Prep Time: 20 minutes

Cook Time: 4 hours

Total Time: 4 hours, 20 minutes


  • 3 1/3 pounds (1.5 k) Savoy cabbage (a head)
  • 3 ounces (80 g) cured lard, or 1/2 cup olive oil
  • A ladle of broth (bouillon will work if need be)
  • 1 pound (450 g) fresh Luganega sausage, casings removed and meat crumbled
  • 2 cups dry white wine
  • Freshly made polenta
  • Salt and pepper to taste


Wash the cabbage, quarter it, discarding the outermost leaves if they are damaged, and remove the tough inner core. Coarsely shred the leaves.

If you are using cured lard or pancetta fat, grind it in a mortar or chop it, and heat it in a pot large enough to contain the cabbage leaves.
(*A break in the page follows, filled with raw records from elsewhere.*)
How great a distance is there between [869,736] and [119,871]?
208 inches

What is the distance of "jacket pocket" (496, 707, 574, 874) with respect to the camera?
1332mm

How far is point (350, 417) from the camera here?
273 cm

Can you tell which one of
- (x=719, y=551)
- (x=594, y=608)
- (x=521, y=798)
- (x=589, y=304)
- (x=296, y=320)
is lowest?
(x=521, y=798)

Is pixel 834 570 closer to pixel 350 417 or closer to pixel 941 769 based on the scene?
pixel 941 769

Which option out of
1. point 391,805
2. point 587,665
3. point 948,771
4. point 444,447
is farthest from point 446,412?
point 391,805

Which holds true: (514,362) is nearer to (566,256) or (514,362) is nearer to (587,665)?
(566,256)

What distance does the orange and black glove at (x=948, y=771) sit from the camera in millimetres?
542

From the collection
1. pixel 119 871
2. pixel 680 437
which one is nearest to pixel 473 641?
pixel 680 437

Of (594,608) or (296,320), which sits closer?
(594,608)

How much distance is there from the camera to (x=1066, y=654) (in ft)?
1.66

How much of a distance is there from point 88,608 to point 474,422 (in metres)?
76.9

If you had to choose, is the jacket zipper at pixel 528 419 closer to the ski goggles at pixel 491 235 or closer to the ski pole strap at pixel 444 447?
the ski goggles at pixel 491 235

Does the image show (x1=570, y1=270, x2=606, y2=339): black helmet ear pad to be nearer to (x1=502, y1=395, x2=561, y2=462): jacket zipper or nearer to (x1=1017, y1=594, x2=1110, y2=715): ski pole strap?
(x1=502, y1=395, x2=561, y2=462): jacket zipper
If you are instead using the oil, which will give a slightly more delicate result, simply heat it in the pot; in either case add the cabbage when the oil is hot, sprinkle the broth over it, cover it, and simmer it for an hour.

At this point add the crumbled sausage (mild link sausage will be fine if you cannot find Luganega) and the wine, season to taste with salt and pepper, and continue simmering for another three hours, adding a little more liquid if you think it necessary.

Serve steaming hot with freshly made polenta.

1) I have seen a recipe that also calls for a teaspoon of chopped fresh rosemary leaves; you can add them or not as you prefer.
2) This dish takes well to being made ahead, and is also a good option if you are at home, working, say, and can take a minute every now and then to check the pot, but cannot take the time to watch it constantly.